Several URS proceedings relating to new gTLDs have revealed the experts’ willingness to take into account the new gTLD in examining the likelihood of confusion between the domain name in dispute and the trademark.
In this light, a 1 April 2014 case of 1 April 2014 regarding the registration of the domain name dior.clothing (FA140201546033) is noteworthy. In this case, the experts took into consideration the fact that the disputed domain name was registered in a gTLD (.clothing) which explicitly refers to the business that the complainant is active in.
Similarly, an 11 June 2014 case, where the issue was the registration of the domain name parissaint-germain.club (FA1406001563159), the experts said: “The generic word ‘club’ which serves as a gTLD does not distinguish the domain name. Furthermore, it rather increases risk of confusion since the complainant’s main activity is maintaining a football club.”

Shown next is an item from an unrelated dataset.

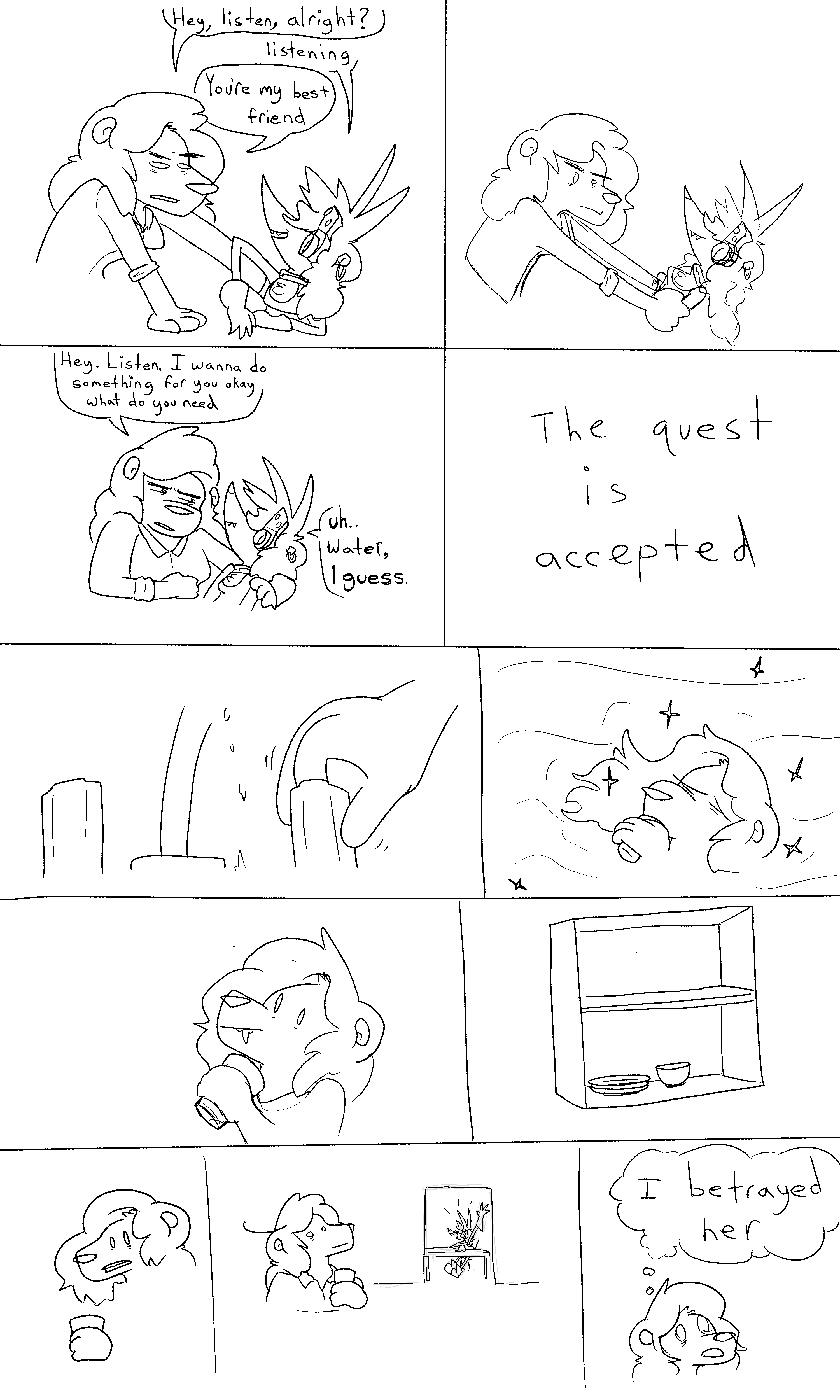 panel two: shit nearly gets a lot weirder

To conclude, it is impossible for the time being to state that new gTLDs should be taken into consideration during the examination of the identical or similar nature of domain names in relation to trademarks during UDRP or URS proceedings. Indeed, the experts seem reluctant to enunciate such a principle and have until now, especially in UDRP proceedings, not been clear on the issue of whether and to what extent these gTLDs should be taken into consideration. This is not surprising since the new gTLDs, publicly accessible since 2012, represent a significant evolution from the classic TLDs around which case law has been constructed. The situation is now expected to evolve.